◆ Problem ◆
Output the entries word for word. Omit images.

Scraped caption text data
━━━

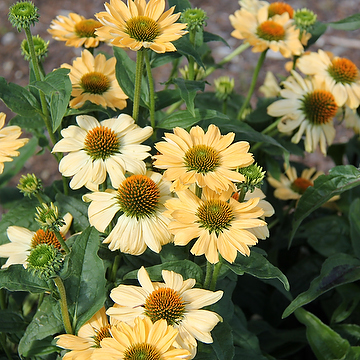Echinacea 'Aloha' Solhatt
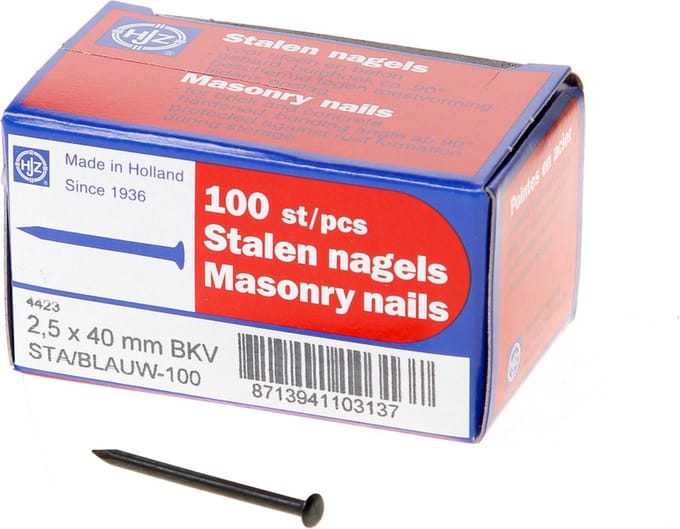 Hjz Stalen nagel bombe kop 40 x 2.5mm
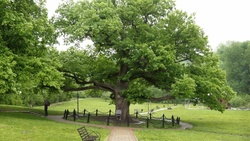 Белгородский дуб добрался до четвёртой позиции в голосовании на «Европейское дерево года»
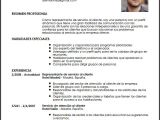 Perfil Profesional Resumen Modelo Cv Representante De Servicio Al Cliente Livecareer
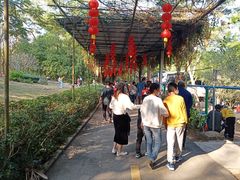 -广东茂名森林公园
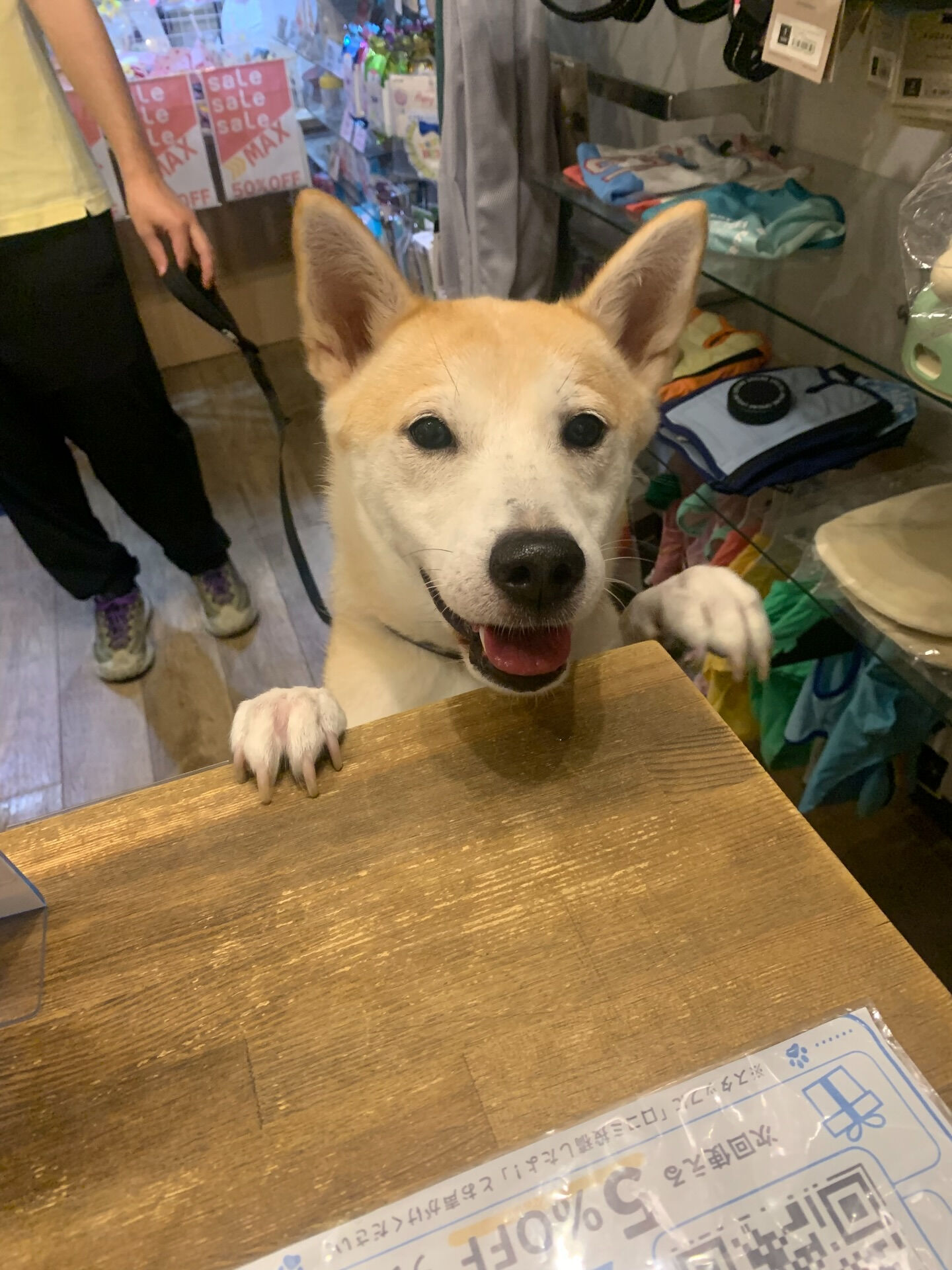 こむぎくんご来店ありがとうございます😊
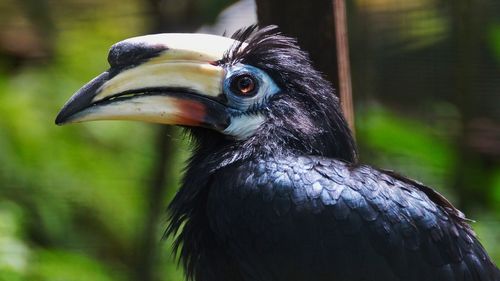 Close-up of a bird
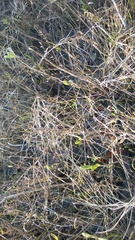 Limonium carolinianum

━━━

◆ Answer to the problem ◆
Echinacea 'Aloha' Solhatt
 Hjz Stalen nagel bombe kop 40 x 2.5mm
 Белгородский дуб добрался до четвёртой позиции в голосовании на «Европейское дерево года»
 Perfil Profesional Resumen Modelo Cv Representante De Servicio Al Cliente Livecareer
 -广东茂名森林公园
 こむぎくんご来店ありがとうございます😊
 Close-up of a bird
 Limonium carolinianum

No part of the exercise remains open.